We'll call the folder `going_modular` and create it using Python's [`os.makedirs()`](https://docs.python.org/3/library/os.html) method.

In [2]:
import os 

os.makedirs("going_moduler",exist_ok=True)

## 1. Get data

We're going to start by downloading the same data we used in [notebook 04](https://github.com/ShafaetUllah032/DL_with_PyTorch/blob/main/04%20pytorch%20custom%20dataset.ipynb), the `pizza_steak_sushi` dataset with images of pizza, steak and sushi.

In [None]:
# from google.oauth2 import service_account
# from googleapiclient.discovery import build
# import requests
# import os

# # Path to the credentials.json file you downloaded
# credentials_path = 'credentials.json'

# # Authenticate using the service account
# SCOPES = ['https://www.googleapis.com/auth/drive.readonly']
# creds = service_account.Credentials.from_service_account_file(credentials_path, scopes=SCOPES)
# service = build('drive', 'v3', credentials=creds)

# # Folder ID from the shareable link
# folder_id = 'YOUR_FOLDER_ID_HERE'

# # List files in the folder
# results = service.files().list(q=f"'{folder_id}' in parents", fields="files(id, name)").execute()
# files = results.get('files', [])

# if not files:
#     print('No files found.')
# else:
#     print('Files:')
#     for file in files:
#         print(f"{file['name']} ({file['id']})")

#     # Create a folder to save the downloaded files
#     download_folder = 'downloaded_images'
#     os.makedirs(download_folder, exist_ok=True)

#     # Download each file
#     for file in files:
#         file_id = file['id']
#         file_name = file['name']
#         request = service.files().get_media(fileId=file_id)
#         file_path = os.path.join(download_folder, file_name)

#         with open(file_path, 'wb') as f:
#             downloader = requests.get(f"https://www.googleapis.com/drive/v3/files/{file_id}?alt=media", headers={"Authorization": f"Bearer {creds.token}"})
#             f.write(downloader.content)
#             print(f"Downloaded {file_name}")


In [2]:
import os
import zipfile
from pathlib import Path
import requests

# setup path to data folder

data_path=Path("data/")
image_path=data_path/"pizza_steak_sushi"


# If the imamge floder doesn't exist , download it and prepare it

if image_path.is_dir():
    print(f"{image_path} exist no need to create ..")
else:
    image_path.mkdir(parents=True,exist_ok=True)
    print(f"{image_path} created successfully")

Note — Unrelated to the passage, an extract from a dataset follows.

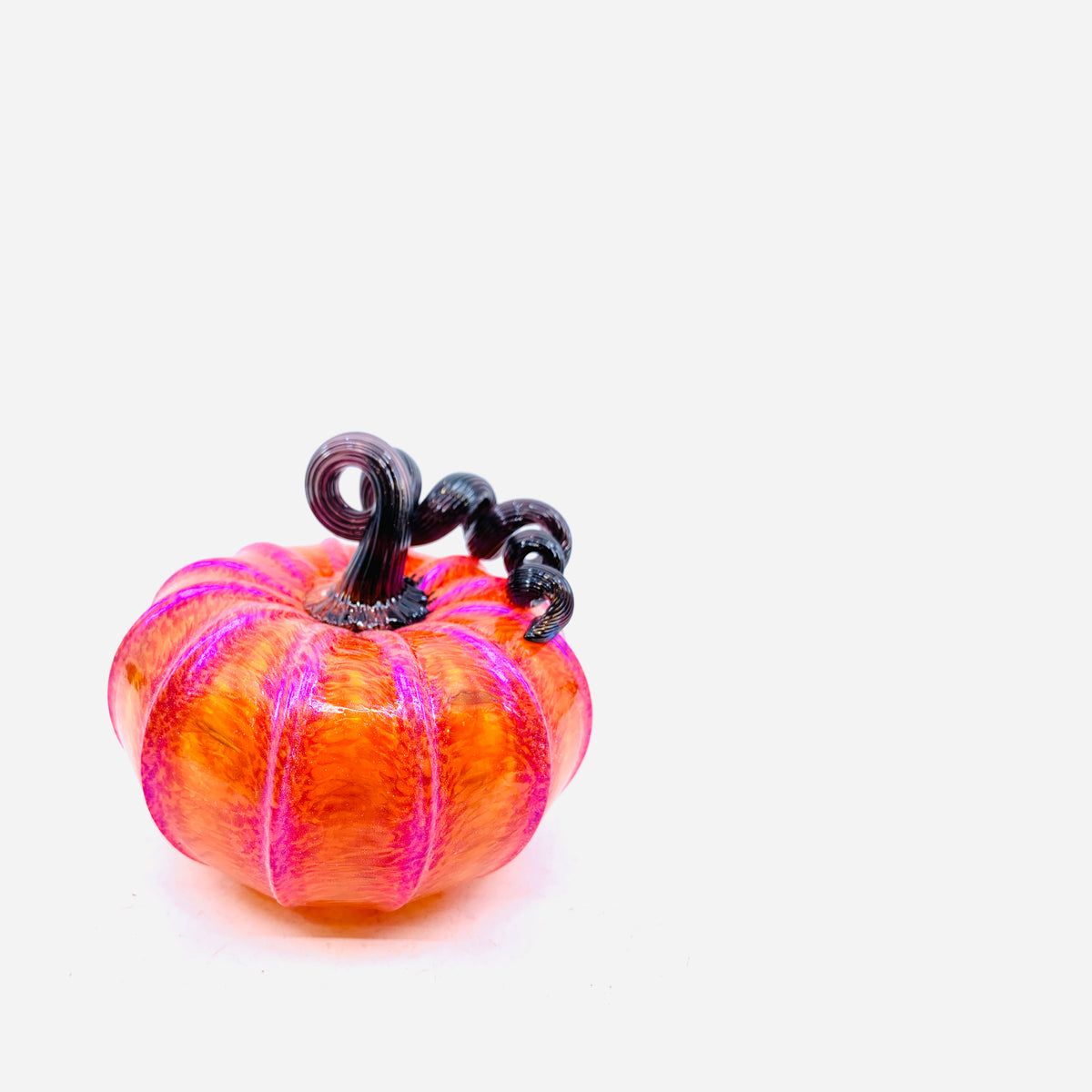 Dunkin Punkin - Orange Squat Pumpkin with Purple Shimmer and Black Stem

# Downlod pizza, steak, sushi data

with open(data_path / "pizza_steak_sushi.zip", "wb") as f:
    request = requests.get("https://github.com/mrdbourke/pytorch-deep-learning/raw/main/data/pizza_steak_sushi.zip")
    print("Downloading pizza, steak, sushi data...")
    f.write(request.content)

# Unzip pizza, steak, sushi data
with zipfile.ZipFile(data_path / "pizza_steak_sushi.zip", "r") as zip_ref:
    print("Unzipping pizza, steak, sushi data...")
    zip_ref.extractall(image_path)

# Remove zip file
os.remove(data_path / "pizza_steak_sushi.zip")
print("zip file removed ... ")

data\pizza_steak_sushi exist no need to create ..
Downloading pizza, steak, sushi data...
Unzipping pizza, steak, sushi data...
zip file removed ... 


In [3]:
# Setup train and testing paths

train_dir=image_path/"train" 
test_dir=image_path/"test"

train_dir,test_dir

(WindowsPath('data/pizza_steak_sushi/train'),
 WindowsPath('data/pizza_steak_sushi/test'))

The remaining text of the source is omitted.